Progress through the encounters is somewhat random, with die rolls advancing the players to the next encounter as the previous one is completed. Sometimes there are bonuses to push forward a little faster. There is a sense of time pressure, especially later in the game, if the players have dawdled or have found themselves delayed for whatever reason. But really, a good Goblin King is going to let the players get to the center and see what happens from there rather than let them fail out in the Labyrinth. But don’t tell the players that.
Now, here’s the thing. Even though this book is supremely accessible, I find that it is unusually demanding particularly for those who may not be used to OSR (old school renaissance) style systems that favor squishier rulings over hardline rules. There aren’t many rules at all, and some may find themselves scratching their heads at how to resolve situations without guidance or how to develop narrative encounters on the fly. Indeed, improvisation is essential and those who put hours and hours of time into prepping their 5e games may be on the back heel when they are given just a page of setup, a random table, and about two minutes to work the characters into it all, creating a cohesive and consistent story environment. Players used to writing out pages and pages of boring backstory to discuss with their DMs may be shocked to find that their character is expected to emerge through decisions, actions, and interactions during play. Quite frankly, as it should be.

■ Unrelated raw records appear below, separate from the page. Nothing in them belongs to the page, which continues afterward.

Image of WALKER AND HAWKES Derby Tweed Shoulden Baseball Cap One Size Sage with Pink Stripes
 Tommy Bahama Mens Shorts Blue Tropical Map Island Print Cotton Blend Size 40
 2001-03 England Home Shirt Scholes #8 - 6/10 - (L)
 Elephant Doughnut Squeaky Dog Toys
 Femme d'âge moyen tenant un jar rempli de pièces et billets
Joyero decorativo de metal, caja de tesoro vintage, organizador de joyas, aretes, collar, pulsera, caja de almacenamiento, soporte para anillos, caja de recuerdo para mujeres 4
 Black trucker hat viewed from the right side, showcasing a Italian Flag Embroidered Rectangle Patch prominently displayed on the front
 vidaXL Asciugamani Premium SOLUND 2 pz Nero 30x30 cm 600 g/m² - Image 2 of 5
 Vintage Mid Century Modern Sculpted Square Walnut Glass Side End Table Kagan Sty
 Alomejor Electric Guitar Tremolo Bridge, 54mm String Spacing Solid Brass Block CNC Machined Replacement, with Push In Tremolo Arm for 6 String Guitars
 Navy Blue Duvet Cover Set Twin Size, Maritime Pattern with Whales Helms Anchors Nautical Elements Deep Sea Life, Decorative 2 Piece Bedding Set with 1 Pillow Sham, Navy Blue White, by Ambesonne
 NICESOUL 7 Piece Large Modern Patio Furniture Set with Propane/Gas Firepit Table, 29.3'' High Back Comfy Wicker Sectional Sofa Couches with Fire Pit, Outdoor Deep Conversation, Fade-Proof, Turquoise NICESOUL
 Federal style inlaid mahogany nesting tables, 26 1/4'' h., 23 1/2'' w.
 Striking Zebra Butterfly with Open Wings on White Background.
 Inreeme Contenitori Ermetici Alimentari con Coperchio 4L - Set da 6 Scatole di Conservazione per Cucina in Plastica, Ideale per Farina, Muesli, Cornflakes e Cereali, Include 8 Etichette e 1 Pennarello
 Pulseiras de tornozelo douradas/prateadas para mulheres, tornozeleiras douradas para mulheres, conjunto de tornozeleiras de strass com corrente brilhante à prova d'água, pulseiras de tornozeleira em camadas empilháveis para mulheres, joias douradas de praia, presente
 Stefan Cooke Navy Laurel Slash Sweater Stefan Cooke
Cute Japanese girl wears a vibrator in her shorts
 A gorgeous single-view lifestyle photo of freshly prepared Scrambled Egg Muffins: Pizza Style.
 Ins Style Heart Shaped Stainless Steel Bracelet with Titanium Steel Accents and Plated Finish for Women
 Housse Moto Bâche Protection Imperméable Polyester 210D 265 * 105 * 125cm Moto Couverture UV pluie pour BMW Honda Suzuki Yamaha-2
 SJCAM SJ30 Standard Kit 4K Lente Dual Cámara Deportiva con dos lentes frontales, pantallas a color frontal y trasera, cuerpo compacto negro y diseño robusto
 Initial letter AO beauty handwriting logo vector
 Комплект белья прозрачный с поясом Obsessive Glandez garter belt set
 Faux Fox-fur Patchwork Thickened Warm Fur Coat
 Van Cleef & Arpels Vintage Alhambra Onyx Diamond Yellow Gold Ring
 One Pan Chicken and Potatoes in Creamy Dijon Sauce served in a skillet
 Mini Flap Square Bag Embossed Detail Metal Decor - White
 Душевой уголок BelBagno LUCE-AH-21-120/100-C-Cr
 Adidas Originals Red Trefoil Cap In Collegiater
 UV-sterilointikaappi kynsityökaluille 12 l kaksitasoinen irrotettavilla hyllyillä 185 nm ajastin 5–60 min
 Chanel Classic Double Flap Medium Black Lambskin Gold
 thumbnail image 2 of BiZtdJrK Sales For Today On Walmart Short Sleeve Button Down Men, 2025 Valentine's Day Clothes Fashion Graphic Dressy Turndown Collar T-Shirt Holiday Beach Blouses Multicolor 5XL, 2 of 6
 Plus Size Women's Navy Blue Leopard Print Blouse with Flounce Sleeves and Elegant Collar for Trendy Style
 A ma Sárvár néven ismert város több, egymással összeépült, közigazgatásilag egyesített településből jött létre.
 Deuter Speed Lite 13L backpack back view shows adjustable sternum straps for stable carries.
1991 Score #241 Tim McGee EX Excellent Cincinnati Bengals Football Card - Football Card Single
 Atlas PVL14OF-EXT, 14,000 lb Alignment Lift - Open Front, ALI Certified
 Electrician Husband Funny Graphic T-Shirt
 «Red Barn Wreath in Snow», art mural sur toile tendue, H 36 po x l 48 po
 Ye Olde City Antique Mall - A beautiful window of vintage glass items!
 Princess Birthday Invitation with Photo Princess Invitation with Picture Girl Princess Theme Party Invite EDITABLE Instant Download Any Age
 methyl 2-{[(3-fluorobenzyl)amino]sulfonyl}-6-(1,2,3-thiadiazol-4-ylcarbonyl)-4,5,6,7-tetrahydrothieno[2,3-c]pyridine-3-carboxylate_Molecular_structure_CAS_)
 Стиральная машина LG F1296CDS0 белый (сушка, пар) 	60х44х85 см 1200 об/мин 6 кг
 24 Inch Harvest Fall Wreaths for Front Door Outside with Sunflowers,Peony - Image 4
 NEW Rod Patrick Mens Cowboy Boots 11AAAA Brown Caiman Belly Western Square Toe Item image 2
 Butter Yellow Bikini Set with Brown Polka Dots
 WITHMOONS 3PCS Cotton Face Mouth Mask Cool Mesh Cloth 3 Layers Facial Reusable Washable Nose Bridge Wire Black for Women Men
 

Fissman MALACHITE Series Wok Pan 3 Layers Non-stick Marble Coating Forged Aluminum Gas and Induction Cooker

I play OSR games almost exclusively now and I am accustomed to this kind of improv, off-the-cuff play where player actions are the defining story element but even so, I found myself oddly stressed out playing the Goblin King. I can’t count the number of times where, in retrospect, I wish that I had handled something differently or where I came up with a better idea later on. I think players coming in from heavier RPGs are going to feel that the capital G-Game is too slight and those new to RPGs are going to be intimidated by how much of the creative work is put on the players and the Goblin King. You’ve got to have players that are willing to dig in and construct the world and its parameters as they play, and that’s a tall order for some
Fortunately, I’m the right kind of referee for this game and the folks I’ve played with have been the right kinds of players. We can roll with a sentence or a bit of text and spin something from that from a random table. The games I’ve played have been really fun, even if they’ve been oddly stressful and rather dependent on my improv skills.
Regardless, I love this book and I love having it in my RPG collection. I think the format and layout are outstanding, and I wouldn’t mind seeing other adventure games using this same structure. The two page encounters are well written and sometimes brilliant with charming riddles and simple puzzles, and I like that I can draw a map or diagram of each on an index card quickly to set up a scene and get everyone right into the next bit of the story. The tables, bestiary, and other administrative level stuff are all uniformly excellent and inspiring.
But, there again, you have to be willing to use this book as a tool rather than as a gospel. To be honest though, interested players could just as easily use any desired RPG system to play through this game if the included rules are too vague or not structured enough. I’ve thought about using Into the Odd or Ben Milton’s Knave to give it a little more heft, but it’s really up to you. As the book suggests, every Goblin King is different, every Labyrinth is different. It’s only make believe.